START DATA PROVIDED

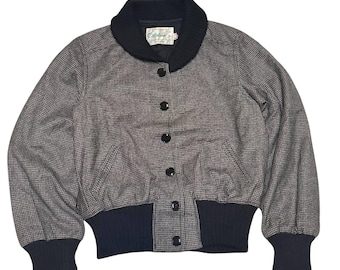 Chaqueta vintage de lana Catalina de los años 80, ligera, estilo bombardero de pata de gallo, con ribete de punto y botones, estilo preppy japonés retro, Takihyo, rara.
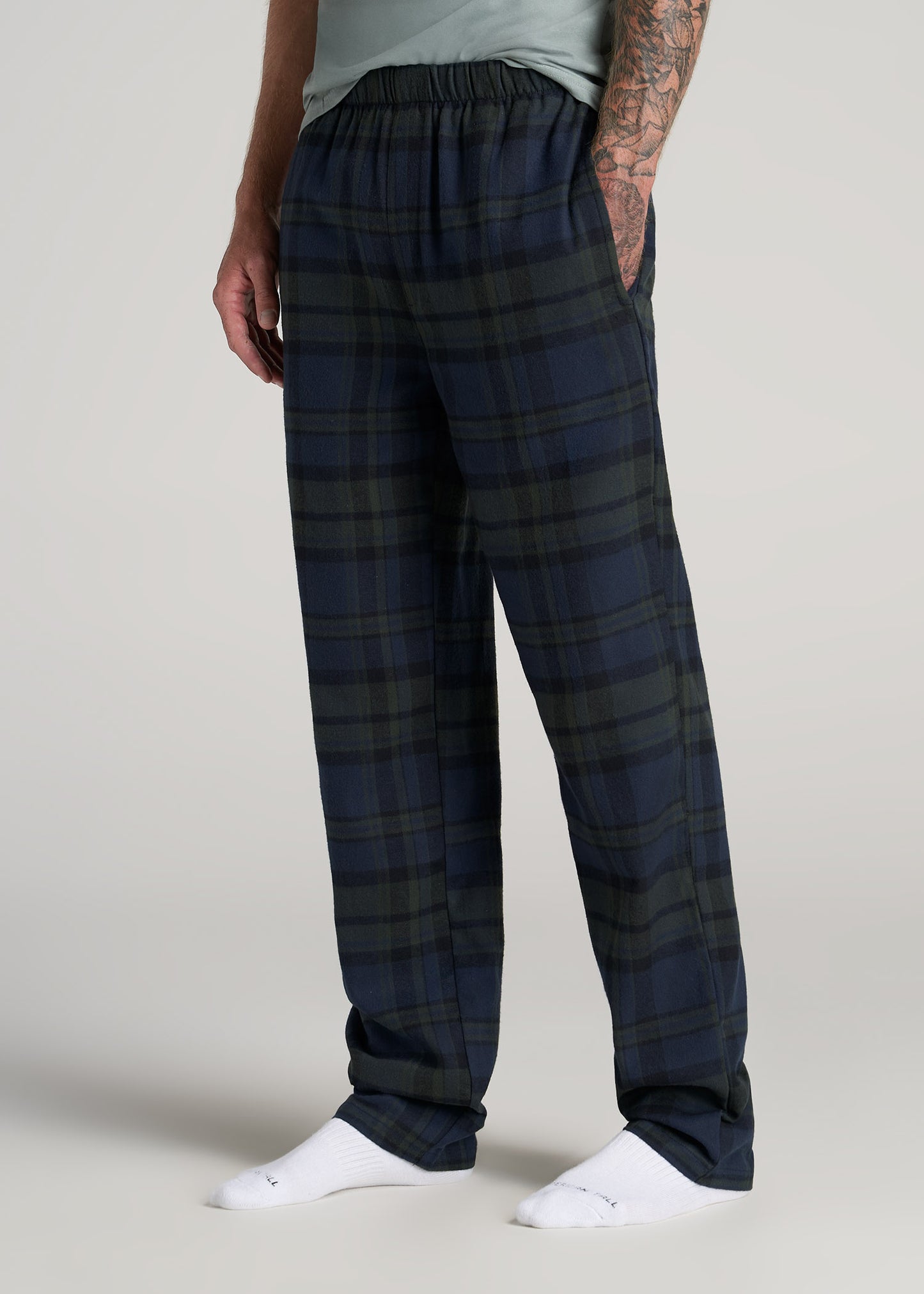     American-Tall-Men-Flannel-Pajamas-Olive-Dark-Cobalt-Plaid-side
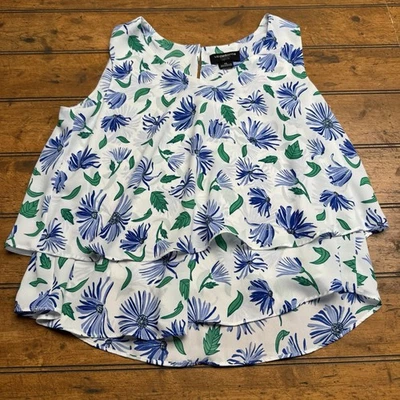 Liz clairborne Petite Small Career sleeveless tank Floral white Blue Flowy - Image 1 of 4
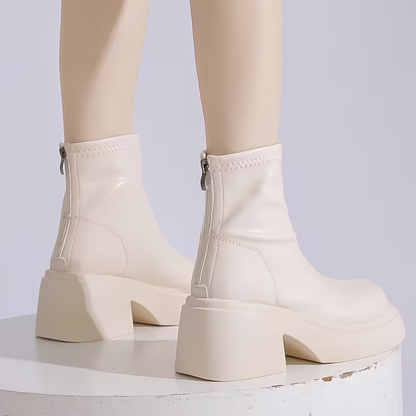 Elegant Women's Leather Ankle Boots With Warm Lining And Zipper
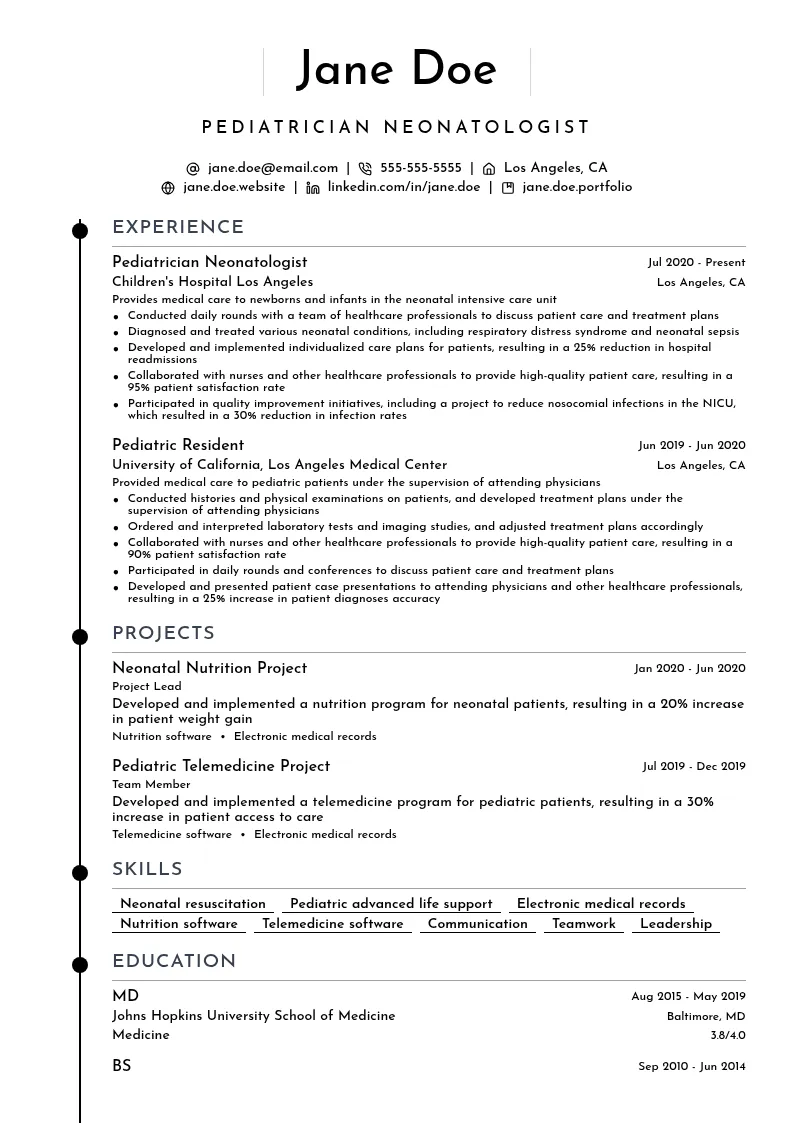 Pediatrician Neonatologist resume example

END DATA PROVIDED

> **ABOUT THIS TASK**: Leaving the pictures aside, give back all the records exactly as they are.

> **RESPONSE TO THIS EXERCISE**:
 Chaqueta vintage de lana Catalina de los años 80, ligera, estilo bombardero de pata de gallo, con ribete de punto y botones, estilo preppy japonés retro, Takihyo, rara.
     American-Tall-Men-Flannel-Pajamas-Olive-Dark-Cobalt-Plaid-side
 Liz clairborne Petite Small Career sleeveless tank Floral white Blue Flowy - Image 1 of 4
 Elegant Women's Leather Ankle Boots With Warm Lining And Zipper
 Pediatrician Neonatologist resume example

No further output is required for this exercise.